The situation was that he had a slowly changing dimension that had an effective date on each row, that being the date on which that record becomes the current record for the item. [I'll demo this in terms of "widgets"!!!]
First, create our slowly changing dimension (SCD) table:
create table WidgetSCD
(
widget varchar(15)
, SomeProperty char(1)
, EffectiveDate datetime
)
The EffectiveDate column marks the date that the SomeProperty attribute of the widget changes. In other words the date that the record becomes 'current'. We also need some data:
insert WidgetSCD values ('ThisWidget', 'A', '2005-01-01')
insert WidgetSCD values ('ThisWidget', 'B', '2005-01-02')
insert WidgetSCD values ('AnotherWidget', 'A', '2005-01-03')
insert WidgetSCD values ('AnotherWidget', 'B', '2005-01-04')
insert WidgetSCD values ('AnotherWidget', 'C', '2005-01-05')
We needed to know when a record becomes effective AND when it gets superceded (which we don't explicitly store). In effect we need the following:
Widget SomeProperty StartDate EndDate
ThisWidget A 2005-01-01 2005-01-02
ThisWidget B 2005-01-02 NULL <--This is NULL because its the current record
AnotherWidget A 2005-01-03 2005-01-04
AnotherWidget B 2005-01-04 2005-01-05
AnotherWidget C 2005-01-03 NULL <--This is NULL because its the current record
The Solution
The first method we came up with for solving this was to use a correlated sub-query thus:
select
t1.widget
, t1.SomeProperty
, t1.EffectiveDate StartDate
, ( select min(t2.EffectiveDate)
from WidgetSCD t2
where t2.EffectiveDate > t1.EffectiveDate
and t1.widget = t2.widget
) EndDate
from WidgetSCD t1
This worked fine and produced the results we needed (as above).

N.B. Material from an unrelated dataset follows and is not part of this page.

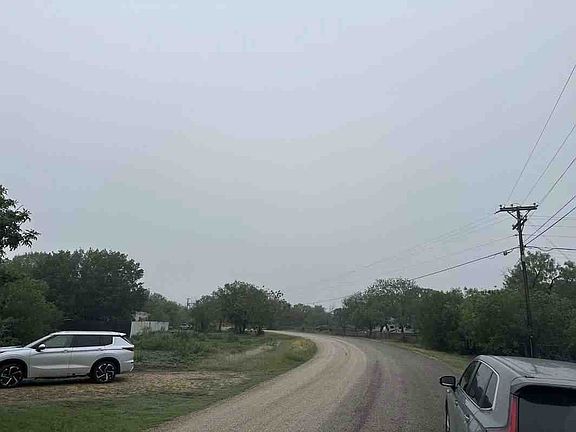5th image of 310 County Road 458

It bugged me though. I didn't like the fact that the correlated sub-query was going to execute for every record in t1. So after a bit of to-ing and fro-ing I managed to come up with the following, much cleaner, solution:
select
t1.widget
, t1.SomeProperty
, t1.EffectiveDate StartDate
, min(t2.EffectiveDate) EndDate
from WidgetSCD t1
left outer join WidgetSCD t2
on t1.widget = t2.widget
and t1.EffectiveDate<t2.EffectiveDate
group by
t1.widget
, t1.SomeProperty
, t1.EffectiveDate
Instead of using a correlated sub-query it uses a join, so there's only 1 select statement being issued here. Using a correlated subquery the number of selects would be determined by the number of rows in the table, a huge problem if we had a few thousand records in there (which in this case, we have).
We can deploy this as a view and easily be able to query it to find out what the value of SomeProperty was for a particular widget at any point in time. Very handy!
Hope this is useful to someone! The syntax here is T-SQL but this will work equally as well on any RDBMS platform!
- Jamie